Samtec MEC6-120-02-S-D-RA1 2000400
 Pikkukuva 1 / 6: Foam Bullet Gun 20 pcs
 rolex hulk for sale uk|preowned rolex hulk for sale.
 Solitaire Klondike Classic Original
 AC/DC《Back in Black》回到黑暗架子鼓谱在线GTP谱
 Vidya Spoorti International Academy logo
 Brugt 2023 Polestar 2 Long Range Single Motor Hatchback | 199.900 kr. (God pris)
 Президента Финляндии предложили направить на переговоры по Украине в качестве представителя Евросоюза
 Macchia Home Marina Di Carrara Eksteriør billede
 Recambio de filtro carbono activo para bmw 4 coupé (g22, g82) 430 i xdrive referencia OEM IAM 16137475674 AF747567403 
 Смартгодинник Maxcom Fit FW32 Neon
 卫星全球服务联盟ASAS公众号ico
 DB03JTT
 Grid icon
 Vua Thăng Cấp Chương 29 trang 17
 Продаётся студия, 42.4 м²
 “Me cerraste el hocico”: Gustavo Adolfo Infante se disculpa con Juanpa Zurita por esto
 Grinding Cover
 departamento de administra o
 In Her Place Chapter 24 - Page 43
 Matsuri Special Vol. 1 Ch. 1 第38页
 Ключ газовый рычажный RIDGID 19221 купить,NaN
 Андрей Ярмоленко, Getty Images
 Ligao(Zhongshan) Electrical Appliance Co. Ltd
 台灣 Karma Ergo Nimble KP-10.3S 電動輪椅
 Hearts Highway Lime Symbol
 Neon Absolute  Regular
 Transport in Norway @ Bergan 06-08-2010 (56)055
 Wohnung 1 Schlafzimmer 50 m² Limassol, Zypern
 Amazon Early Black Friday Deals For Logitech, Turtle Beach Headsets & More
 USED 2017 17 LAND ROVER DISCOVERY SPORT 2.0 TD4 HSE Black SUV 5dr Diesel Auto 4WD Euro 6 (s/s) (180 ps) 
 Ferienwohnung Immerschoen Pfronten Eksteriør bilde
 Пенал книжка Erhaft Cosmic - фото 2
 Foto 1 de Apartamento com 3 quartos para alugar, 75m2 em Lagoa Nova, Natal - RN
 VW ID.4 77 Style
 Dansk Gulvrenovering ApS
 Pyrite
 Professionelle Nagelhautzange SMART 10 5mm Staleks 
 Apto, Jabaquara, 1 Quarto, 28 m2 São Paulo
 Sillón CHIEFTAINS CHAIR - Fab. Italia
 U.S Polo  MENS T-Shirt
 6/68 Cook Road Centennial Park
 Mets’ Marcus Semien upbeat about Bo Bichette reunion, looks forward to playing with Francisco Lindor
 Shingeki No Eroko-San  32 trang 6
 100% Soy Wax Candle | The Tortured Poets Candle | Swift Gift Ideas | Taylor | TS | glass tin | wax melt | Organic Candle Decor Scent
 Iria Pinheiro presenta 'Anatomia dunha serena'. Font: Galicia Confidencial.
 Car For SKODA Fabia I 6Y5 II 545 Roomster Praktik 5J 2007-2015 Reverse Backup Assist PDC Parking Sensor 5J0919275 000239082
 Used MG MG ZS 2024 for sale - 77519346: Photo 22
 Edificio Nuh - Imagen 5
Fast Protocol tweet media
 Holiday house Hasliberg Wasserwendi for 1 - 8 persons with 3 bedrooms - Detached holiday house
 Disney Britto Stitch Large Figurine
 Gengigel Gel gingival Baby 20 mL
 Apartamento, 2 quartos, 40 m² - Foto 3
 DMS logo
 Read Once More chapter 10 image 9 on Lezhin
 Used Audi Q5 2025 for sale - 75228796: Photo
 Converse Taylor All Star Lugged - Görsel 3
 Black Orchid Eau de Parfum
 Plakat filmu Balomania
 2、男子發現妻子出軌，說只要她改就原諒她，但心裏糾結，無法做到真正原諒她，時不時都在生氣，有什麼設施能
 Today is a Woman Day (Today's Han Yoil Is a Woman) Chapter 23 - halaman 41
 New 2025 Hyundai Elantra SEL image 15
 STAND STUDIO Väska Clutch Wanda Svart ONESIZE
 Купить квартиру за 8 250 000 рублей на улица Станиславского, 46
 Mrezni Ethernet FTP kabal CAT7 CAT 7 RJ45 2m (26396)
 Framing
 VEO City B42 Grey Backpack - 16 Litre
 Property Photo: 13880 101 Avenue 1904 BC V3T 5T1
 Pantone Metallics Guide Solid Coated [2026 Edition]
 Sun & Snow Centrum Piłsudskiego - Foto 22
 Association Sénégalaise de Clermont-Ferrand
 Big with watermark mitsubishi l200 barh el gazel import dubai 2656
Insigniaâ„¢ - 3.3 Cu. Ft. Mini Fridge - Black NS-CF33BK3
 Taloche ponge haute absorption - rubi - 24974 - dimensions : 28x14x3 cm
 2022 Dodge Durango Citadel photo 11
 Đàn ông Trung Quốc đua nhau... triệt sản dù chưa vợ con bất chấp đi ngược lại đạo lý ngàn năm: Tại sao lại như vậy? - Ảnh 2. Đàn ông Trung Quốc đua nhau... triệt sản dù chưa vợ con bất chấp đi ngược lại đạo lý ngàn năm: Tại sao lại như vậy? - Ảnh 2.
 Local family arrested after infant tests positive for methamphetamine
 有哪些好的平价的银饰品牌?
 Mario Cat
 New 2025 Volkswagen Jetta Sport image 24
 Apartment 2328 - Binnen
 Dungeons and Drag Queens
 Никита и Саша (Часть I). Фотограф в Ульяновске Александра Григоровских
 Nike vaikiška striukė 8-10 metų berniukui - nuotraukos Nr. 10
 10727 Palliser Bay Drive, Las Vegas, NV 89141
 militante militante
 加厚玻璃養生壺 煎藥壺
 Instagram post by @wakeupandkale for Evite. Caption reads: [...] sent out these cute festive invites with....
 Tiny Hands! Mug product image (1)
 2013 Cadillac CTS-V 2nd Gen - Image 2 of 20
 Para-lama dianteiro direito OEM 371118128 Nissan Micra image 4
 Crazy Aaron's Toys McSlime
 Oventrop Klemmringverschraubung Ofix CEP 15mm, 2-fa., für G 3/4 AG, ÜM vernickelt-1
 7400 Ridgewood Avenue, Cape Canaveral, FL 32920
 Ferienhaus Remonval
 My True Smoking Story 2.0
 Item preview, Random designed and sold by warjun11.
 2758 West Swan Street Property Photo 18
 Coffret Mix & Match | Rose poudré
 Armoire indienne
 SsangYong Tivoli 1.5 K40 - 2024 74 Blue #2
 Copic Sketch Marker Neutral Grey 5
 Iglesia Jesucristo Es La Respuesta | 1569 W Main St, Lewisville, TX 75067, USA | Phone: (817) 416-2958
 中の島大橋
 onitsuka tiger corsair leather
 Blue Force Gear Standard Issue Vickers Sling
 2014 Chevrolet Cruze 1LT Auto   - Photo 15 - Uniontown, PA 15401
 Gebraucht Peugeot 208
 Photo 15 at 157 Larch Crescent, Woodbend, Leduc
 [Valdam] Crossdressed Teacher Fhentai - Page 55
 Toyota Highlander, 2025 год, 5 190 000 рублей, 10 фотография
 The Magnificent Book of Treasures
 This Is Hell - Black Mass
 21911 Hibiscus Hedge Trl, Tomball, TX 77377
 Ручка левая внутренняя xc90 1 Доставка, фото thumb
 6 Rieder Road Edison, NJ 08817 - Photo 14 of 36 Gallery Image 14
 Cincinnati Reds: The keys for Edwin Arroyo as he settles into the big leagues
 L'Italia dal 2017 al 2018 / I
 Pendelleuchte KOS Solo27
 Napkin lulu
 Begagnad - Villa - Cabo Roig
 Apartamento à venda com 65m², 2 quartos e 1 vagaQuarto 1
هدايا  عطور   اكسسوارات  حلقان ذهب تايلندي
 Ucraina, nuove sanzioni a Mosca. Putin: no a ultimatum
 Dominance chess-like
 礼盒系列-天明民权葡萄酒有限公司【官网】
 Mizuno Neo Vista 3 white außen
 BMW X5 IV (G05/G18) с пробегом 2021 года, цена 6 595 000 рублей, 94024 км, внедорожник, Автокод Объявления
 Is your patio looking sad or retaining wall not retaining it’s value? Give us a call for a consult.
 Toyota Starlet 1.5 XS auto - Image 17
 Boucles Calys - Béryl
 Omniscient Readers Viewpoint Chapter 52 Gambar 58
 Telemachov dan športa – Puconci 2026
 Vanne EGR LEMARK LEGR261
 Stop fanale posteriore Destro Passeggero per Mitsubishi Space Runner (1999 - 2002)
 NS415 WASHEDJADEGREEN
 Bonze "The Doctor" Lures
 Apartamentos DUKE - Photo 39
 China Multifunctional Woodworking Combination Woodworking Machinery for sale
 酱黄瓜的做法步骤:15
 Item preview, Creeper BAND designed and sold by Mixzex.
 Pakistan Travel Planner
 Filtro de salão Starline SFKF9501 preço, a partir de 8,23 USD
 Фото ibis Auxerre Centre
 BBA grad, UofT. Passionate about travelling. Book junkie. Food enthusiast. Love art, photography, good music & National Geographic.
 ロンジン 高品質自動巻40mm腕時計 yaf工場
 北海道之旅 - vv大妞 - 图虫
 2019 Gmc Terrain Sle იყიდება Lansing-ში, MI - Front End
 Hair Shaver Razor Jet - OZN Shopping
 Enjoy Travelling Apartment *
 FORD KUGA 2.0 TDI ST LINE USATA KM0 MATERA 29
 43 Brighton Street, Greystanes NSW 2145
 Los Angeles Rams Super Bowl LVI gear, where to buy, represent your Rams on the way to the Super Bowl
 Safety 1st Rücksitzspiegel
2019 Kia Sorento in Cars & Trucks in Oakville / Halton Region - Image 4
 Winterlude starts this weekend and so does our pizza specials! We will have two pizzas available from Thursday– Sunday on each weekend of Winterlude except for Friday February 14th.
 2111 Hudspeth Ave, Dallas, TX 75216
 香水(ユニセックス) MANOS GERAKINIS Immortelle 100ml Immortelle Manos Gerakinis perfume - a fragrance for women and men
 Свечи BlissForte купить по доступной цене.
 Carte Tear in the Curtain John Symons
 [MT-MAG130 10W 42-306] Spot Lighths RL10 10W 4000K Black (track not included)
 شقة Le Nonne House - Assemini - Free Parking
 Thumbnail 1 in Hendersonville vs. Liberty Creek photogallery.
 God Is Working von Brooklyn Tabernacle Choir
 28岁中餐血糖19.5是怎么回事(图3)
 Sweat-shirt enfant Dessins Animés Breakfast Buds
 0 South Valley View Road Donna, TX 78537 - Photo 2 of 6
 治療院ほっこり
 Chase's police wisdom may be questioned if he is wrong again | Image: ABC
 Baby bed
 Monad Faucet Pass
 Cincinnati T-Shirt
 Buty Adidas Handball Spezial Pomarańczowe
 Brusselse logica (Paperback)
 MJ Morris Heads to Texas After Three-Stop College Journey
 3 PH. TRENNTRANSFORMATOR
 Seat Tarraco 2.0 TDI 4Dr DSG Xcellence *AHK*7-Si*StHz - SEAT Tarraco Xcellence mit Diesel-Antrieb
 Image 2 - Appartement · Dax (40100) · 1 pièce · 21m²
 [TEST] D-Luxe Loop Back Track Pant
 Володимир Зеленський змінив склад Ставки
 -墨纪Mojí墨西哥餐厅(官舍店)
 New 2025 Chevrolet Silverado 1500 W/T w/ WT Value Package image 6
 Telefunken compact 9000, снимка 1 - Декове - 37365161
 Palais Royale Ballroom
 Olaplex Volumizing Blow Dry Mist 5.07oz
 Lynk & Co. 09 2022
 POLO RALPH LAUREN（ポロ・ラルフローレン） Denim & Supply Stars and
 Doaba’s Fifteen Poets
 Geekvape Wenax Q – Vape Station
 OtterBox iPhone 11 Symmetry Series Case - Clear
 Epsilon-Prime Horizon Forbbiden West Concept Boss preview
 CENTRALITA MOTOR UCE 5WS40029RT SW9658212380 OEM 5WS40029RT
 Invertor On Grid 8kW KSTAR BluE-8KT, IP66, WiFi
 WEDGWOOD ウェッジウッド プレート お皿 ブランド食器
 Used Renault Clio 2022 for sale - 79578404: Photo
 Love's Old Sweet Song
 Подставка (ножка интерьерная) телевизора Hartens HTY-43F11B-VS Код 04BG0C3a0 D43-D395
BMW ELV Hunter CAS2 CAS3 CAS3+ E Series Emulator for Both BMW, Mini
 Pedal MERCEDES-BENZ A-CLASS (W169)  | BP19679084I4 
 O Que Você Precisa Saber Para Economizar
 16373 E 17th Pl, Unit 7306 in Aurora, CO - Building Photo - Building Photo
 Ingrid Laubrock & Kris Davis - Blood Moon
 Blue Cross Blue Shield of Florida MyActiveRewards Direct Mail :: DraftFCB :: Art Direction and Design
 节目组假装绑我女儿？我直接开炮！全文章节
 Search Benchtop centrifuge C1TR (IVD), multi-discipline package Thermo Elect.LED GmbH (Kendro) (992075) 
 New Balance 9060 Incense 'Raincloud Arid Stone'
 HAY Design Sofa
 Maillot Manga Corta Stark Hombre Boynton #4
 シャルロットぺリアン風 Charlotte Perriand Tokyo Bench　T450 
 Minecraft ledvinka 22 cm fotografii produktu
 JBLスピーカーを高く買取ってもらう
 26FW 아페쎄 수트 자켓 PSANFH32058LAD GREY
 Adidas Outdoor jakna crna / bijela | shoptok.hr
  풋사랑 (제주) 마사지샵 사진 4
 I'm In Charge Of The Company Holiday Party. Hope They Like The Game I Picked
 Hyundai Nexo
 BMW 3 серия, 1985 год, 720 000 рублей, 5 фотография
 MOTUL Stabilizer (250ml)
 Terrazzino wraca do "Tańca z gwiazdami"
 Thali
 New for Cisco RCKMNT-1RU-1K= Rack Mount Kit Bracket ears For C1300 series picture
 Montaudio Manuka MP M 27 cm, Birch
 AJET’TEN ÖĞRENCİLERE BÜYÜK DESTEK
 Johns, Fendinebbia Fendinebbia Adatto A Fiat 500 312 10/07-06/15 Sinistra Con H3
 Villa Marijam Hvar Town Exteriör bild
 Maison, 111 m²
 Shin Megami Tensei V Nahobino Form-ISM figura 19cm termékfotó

#### Goal of the exercise
Within the data above, the lines from the one with "Mets’ Marcus Semien" to the one with "Iria Pinheiro presenta" must be repeated exactly; no other line belongs in the answer.

#### Result of the exercise
 Mets’ Marcus Semien upbeat about Bo Bichette reunion, looks forward to playing with Francisco Lindor
 Shingeki No Eroko-San  32 trang 6
 100% Soy Wax Candle | The Tortured Poets Candle | Swift Gift Ideas | Taylor | TS | glass tin | wax melt | Organic Candle Decor Scent
 Iria Pinheiro presenta 'Anatomia dunha serena'. Font: Galicia Confidencial.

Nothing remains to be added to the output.